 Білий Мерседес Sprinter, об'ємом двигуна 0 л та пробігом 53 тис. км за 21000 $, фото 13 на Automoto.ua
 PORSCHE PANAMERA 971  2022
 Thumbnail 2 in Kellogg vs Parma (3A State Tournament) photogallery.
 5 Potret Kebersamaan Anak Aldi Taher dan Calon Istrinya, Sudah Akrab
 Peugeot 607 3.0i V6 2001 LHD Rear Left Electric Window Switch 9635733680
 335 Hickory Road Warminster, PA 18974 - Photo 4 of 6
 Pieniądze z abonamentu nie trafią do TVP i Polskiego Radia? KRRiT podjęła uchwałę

...

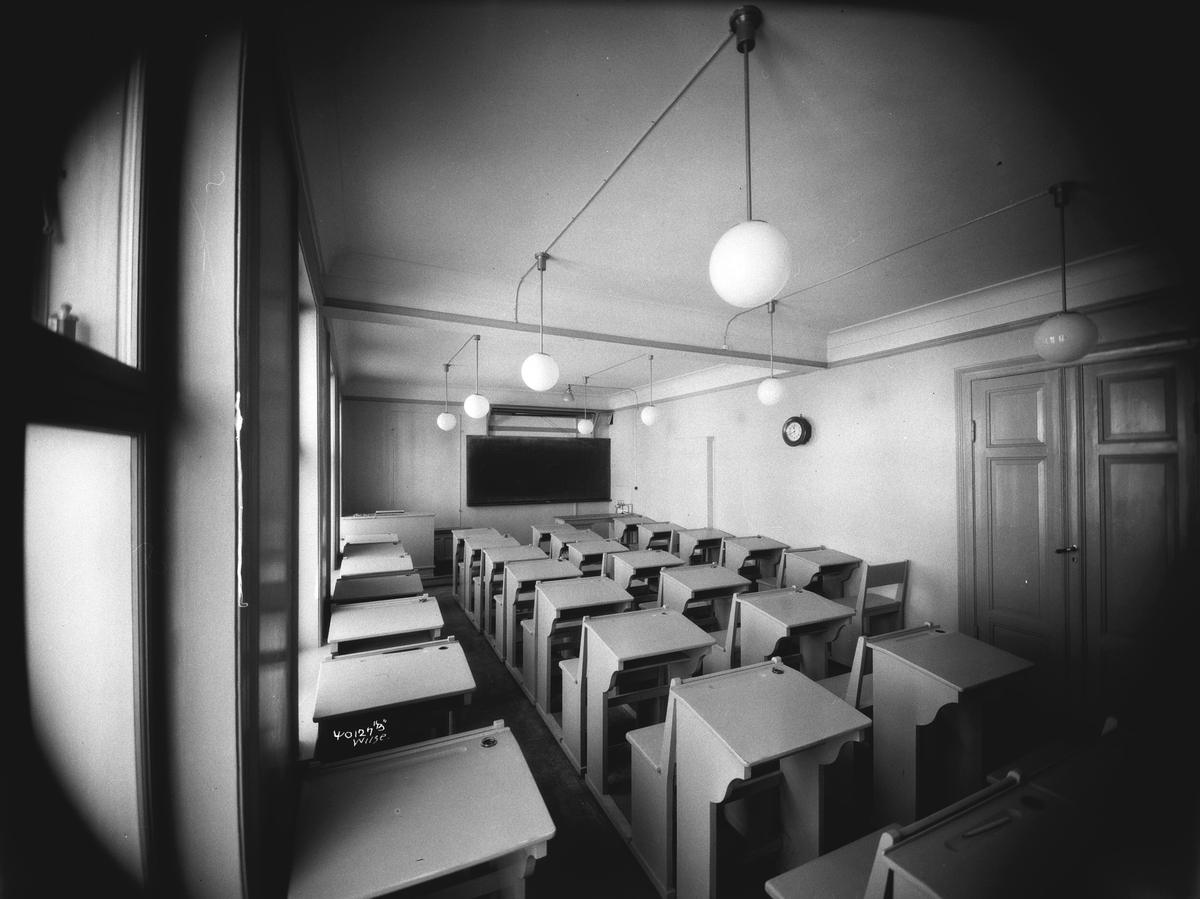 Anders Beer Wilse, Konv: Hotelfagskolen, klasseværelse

==

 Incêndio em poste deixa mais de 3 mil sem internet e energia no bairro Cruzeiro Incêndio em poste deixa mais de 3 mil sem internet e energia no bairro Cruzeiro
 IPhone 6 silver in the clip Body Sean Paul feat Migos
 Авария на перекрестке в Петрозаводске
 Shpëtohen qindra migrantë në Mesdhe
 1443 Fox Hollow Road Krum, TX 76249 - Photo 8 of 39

◆ Problem
In the entries above, find the line with "Thumbnail 2 in" and the line with "Pieniądze z abonamentu", then set down exactly those two and every line between them, nothing else.

◆ The answer
 Thumbnail 2 in Kellogg vs Parma (3A State Tournament) photogallery.
 5 Potret Kebersamaan Anak Aldi Taher dan Calon Istrinya, Sudah Akrab
 Peugeot 607 3.0i V6 2001 LHD Rear Left Electric Window Switch 9635733680
 335 Hickory Road Warminster, PA 18974 - Photo 4 of 6
 Pieniądze z abonamentu nie trafią do TVP i Polskiego Radia? KRRiT podjęła uchwałę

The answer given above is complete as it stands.